Presumably Robin Hammerton had behavioural objectives in mind, those objectives that are sufficiently precise for their effect to be visible and measurable. [4]

For Robert Mager ‘an objective is an intent communicated by a statement describing a proposed change in a learner – a statement of what a learner is to be like when he has successfully completed a learning experience.’ [5]

I am drawing from chapter 6 of Elliot Eisner’s ‘The Educational Imagination’. The chapter is called ‘ Educational Aims, Objectives and Other Aspirations’ and must rank as one of the most thorough investigations of the topic. [6]

Eisner comes to the conclusion that a curriculum determined by behavioural objectives would seriously reduce the view of what might be possible. In fact ‘to expect all our educational aspirations to be either verbally describable or measurable is to expect too little’. [7]

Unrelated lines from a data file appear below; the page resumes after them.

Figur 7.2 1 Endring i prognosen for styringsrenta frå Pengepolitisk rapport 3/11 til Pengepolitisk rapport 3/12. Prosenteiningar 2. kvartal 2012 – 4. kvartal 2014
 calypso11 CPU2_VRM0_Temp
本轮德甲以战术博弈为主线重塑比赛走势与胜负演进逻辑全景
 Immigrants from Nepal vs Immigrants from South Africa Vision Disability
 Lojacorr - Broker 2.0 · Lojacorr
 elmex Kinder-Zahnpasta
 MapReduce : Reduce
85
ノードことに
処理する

Eisner proposes three possibilities in designing curricular.

  1. Behavioural Objective ———–Behavioural activity
  2. Problem-Solving Objective——Problem-Solving Activity
  3. Expressive Activity—————Expressive Outcome

In the arts there will be a place for 1, but it is 2 and 3 and 3 in particular that would mark out creative arts practice as being distinctive.

Eisner again:

‘I believe that it is perfectly appropriate for teachers and others involved in curriculum development to plan activities that have no explicit or precise objectives.’ [8]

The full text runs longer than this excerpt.